- **EXERCISE MATERIAL**

════════

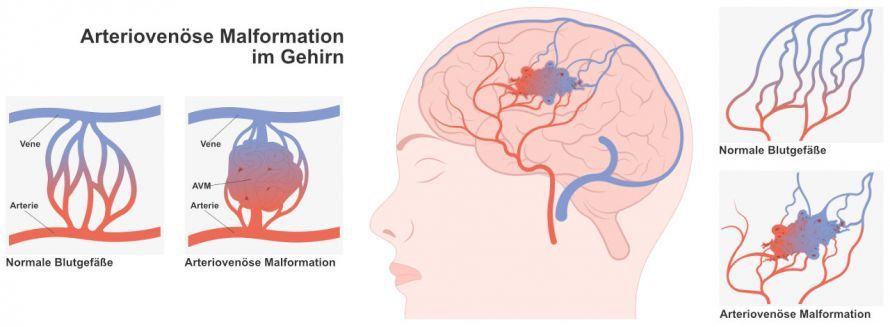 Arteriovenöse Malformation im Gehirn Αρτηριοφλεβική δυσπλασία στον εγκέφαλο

════════

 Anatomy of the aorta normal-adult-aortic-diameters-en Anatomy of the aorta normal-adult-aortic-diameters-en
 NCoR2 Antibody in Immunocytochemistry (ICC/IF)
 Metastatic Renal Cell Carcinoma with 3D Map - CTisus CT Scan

════════

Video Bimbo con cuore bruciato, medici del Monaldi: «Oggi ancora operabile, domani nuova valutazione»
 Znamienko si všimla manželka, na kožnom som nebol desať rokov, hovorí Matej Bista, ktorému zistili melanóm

════════

- **YOUR ASSIGNMENT**
Once you find the line with "Video Bimbo con" above, print it and every line after it up to and including the line with "Znamienko si všimla", exactly as written and nothing else.

- **EXERCISE SOLUTION**
Video Bimbo con cuore bruciato, medici del Monaldi: «Oggi ancora operabile, domani nuova valutazione»
 Znamienko si všimla manželka, na kožnom som nebol desať rokov, hovorí Matej Bista, ktorému zistili melanóm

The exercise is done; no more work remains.